## Required action:
Your copy should match the listing word for word, apart from the pictures, which are left out.

## Given data:
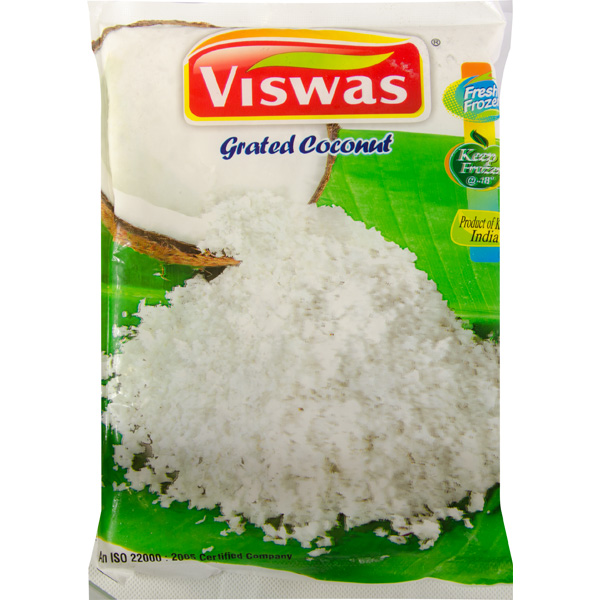 Viswas Grated Coconut 400g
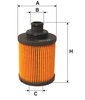 filtron-oe682 Фільтр масла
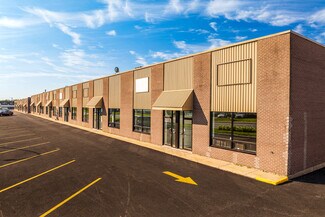 Plus de détails pour 1100-1190 Rue Bégin, Saint-Laurent, QC - Industriel/Logistique à louer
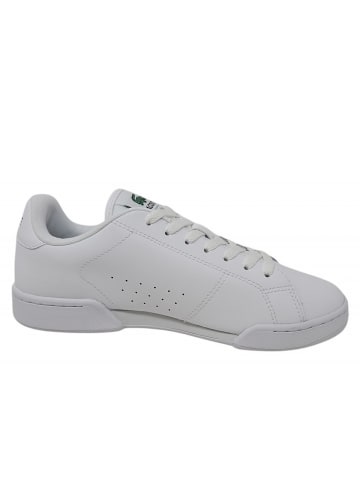 Lacoste Sportschuh Carnaby Cup in Weiß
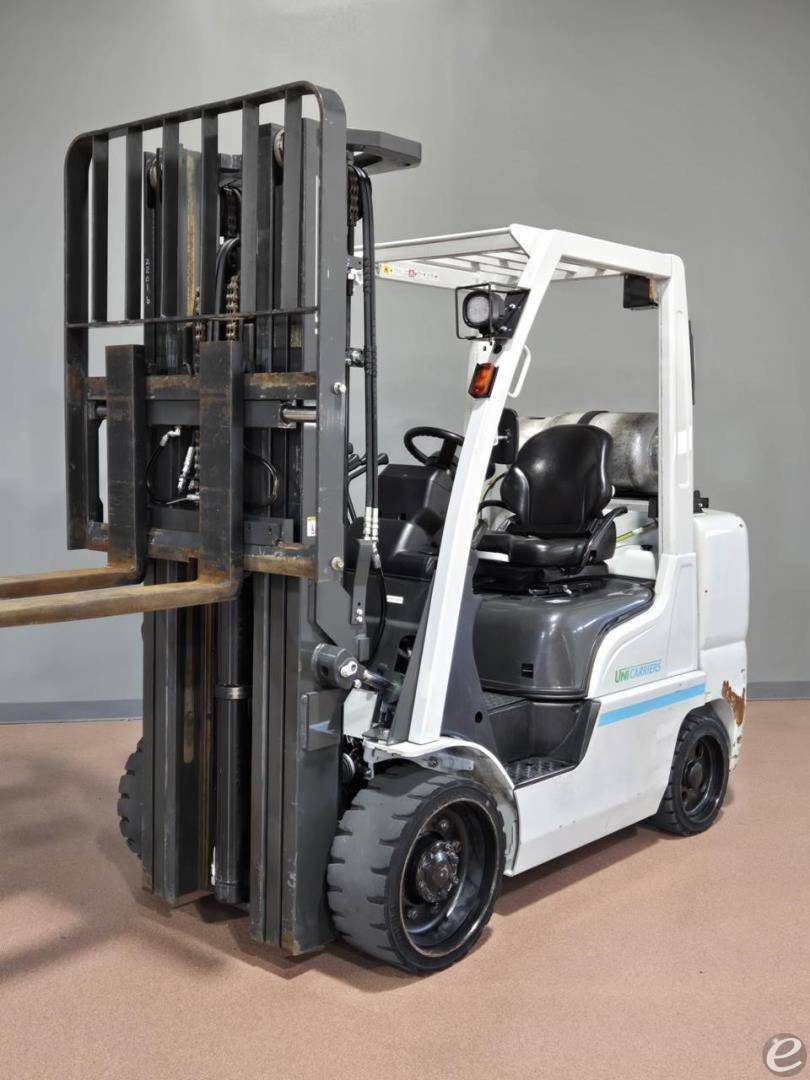 2021 Unicarriers CF80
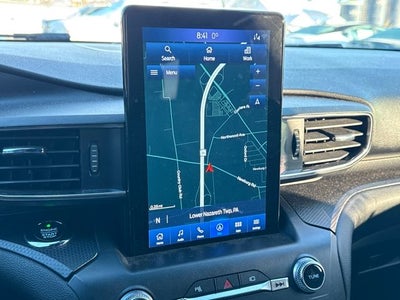 2020 Ford Explorer ST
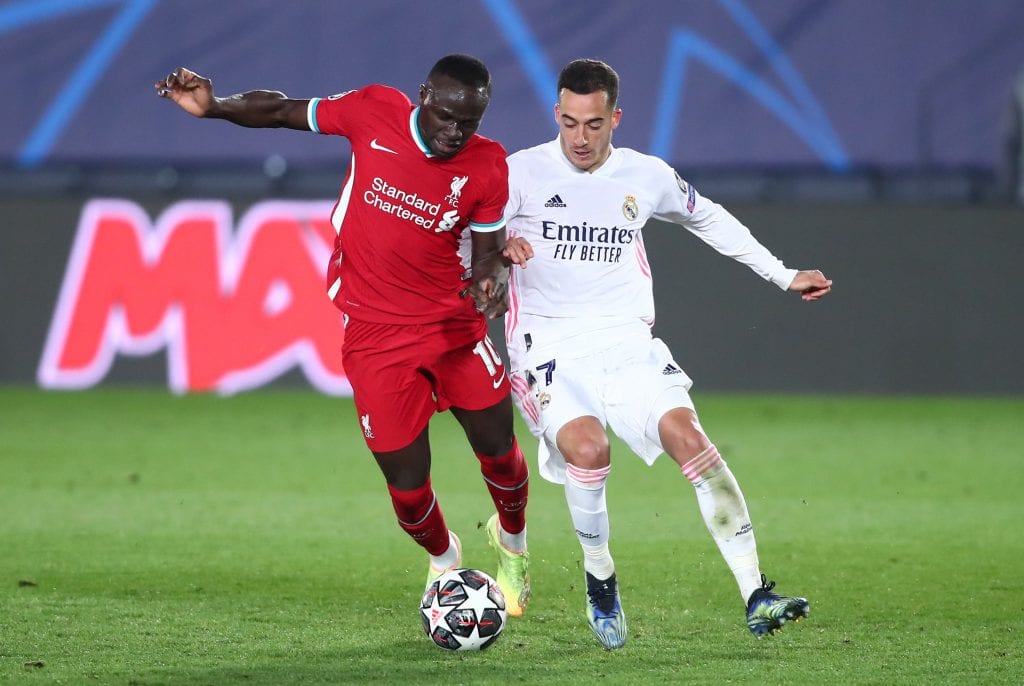 Mane Vazquez Champions League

## Your solution:
 Viswas Grated Coconut 400g
 filtron-oe682 Фільтр масла
 Plus de détails pour 1100-1190 Rue Bégin, Saint-Laurent, QC - Industriel/Logistique à louer
 Lacoste Sportschuh Carnaby Cup in Weiß
 2021 Unicarriers CF80
 2020 Ford Explorer ST
 Mane Vazquez Champions League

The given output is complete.